AI whisper is an automatic speech recognition system, but what can it do?
Updated: March 3, 2023 2:01 PM
OpenAI, the research company known for its impressive AI language models like ChatGPT and DALL-E 2, also released a speech recognition model in September 2022 called Whisper.
Whisper was largely overshadowed by the hype around the other OpenAI releases, ChatGPT and DALL-E 2.
Whisper is an automatic speech recognition system that can transcribe and translate audio files in approximately 100 different languages from around the world.
This innovative AI model uses a staggering 1.6 billion parameters and was trained on a huge volume of data – over 680,000 hours of audio collected from the web. Remarkably, it shows strong zero-shot performance across a wide range of automated speech recognition tasks.
READ NOW: ChatGPT vs. Bing AI Chatbot
Whispering AI Training
One of the distinctive features that distinguishes Whisper from other state-of-the-art Automatic Speech Recognition (ASR) models is that it does not require fine tuning on a reference data set for training, but instead uses “weak” monitoring with a large and noisy dataset of voice audio collected from the internet paired with transcription text.
According to OpenAI, the developers of Whisper, this training approach has produced a model that can excel in generalization and deliver impressive zero-shot performance using sophisticated algorithms and techniques.
The field of artificial intelligence is making significant advances in speech processing tasks such as multilingual speech recognition, voice activity detection, spoken language identification, and speech translation.

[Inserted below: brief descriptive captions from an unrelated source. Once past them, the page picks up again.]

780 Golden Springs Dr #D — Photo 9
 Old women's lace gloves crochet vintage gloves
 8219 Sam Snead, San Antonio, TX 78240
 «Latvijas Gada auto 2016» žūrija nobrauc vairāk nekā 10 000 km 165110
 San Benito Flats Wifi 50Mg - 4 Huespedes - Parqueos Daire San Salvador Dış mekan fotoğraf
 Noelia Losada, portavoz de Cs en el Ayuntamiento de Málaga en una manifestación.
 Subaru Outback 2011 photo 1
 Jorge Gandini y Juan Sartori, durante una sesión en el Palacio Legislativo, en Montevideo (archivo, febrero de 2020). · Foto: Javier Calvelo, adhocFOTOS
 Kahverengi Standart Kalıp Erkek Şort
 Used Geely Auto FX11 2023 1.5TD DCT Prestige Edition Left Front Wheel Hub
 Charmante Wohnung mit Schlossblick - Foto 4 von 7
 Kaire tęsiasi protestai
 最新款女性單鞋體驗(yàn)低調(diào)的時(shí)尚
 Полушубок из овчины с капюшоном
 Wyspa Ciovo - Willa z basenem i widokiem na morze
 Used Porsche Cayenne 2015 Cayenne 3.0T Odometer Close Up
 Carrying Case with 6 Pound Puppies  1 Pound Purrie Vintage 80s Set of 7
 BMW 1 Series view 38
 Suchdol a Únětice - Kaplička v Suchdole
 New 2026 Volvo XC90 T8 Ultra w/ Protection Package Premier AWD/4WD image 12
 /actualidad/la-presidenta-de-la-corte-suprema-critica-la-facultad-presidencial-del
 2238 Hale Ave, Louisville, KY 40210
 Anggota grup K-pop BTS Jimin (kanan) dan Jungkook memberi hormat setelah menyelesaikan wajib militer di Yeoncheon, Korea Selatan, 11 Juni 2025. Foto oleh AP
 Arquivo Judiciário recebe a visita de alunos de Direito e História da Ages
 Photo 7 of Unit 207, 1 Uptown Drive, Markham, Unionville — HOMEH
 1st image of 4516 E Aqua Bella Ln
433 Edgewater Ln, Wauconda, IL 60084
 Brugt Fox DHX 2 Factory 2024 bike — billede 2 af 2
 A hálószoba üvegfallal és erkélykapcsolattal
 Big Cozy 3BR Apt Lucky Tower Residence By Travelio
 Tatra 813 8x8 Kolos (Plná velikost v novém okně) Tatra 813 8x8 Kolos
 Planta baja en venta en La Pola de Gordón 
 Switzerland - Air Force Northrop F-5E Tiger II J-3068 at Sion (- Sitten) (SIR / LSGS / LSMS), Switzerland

This technology is advancing rapidly and is applied to a wide range of use cases.
Technical architecture
Whisper employs an encoder-decoder architecture that splits the input audio into 30-second segments, converts it to a log-Mel spectrogram format, and feeds it to an encoder.
A decoder is then taught to precisely connect the input audio with its relevant text caption. This model can be refined by integrating custom tokens tailored to specific tasks, such as language recognition, multilingual speech transcription, phrase-level timestamps, and speech-to-English conversion.
Whisper has the potential to significantly improve speech recognition and language translation in various applications, from virtual assistants to language learning tools. With its ability to recognize a wide range of accents and handle technical jargon, Whisper is a promising step in making speech recognition more accessible and accurate for everyone.
model variations
Whisper’s advantage over other speech recognition systems lies in its multi-language and multi-tasking data capability, making it a versatile performer with high accuracy.
The model has five versions, four of which are optimized for English-only applications. Depending on the desired application, each version of whisper offers various trade-offs between speed and accuracy.
In general, it is observed that the tiny.en and base.en models perform better than the small.en and medium.en models when it comes to English-only applications.
It is observed that the performance difference between the small.en and medium.en models becomes less significant compared to the other models. Whisper’s overall performance varies significantly depending on the language being used.
READ NOW: Too many requests in 1 hour
potential applications
Due to its adaptability and accuracy, Whisper is an exceptional resource for producing interview and podcast transcripts, and can even convert podcasts made in languages other than English to English using your device.
This powerful merger has the potential to revolutionize the transcription industry.
Testing Whisper’s AI
We put Whisper through its paces by feeding it multiple samples, including a Selena Gomez song, using the Python demo program available on GitHub. Whisper did an excellent job of transcribing the mp4 file to text, outperforming some AI-powered audio transcription services I’ve tried in the past. The change is shown in the snapshot below.

OpenAI released the Whisper API
Priced at $0.006 per minute, OpenAI recently announced that the Whisper model is now available via an API, allowing developers to incorporate this advanced speech-to-text model into their applications and services.
Is OpenAI Whisper free?
Whisper AI is a free and open source model, however the OpenAI API service is priced at $0.006/minute
What is Whisper AI?
Whisper is an automatic speech recognition system that can transcribe and translate audio files in approximately 100 different languages.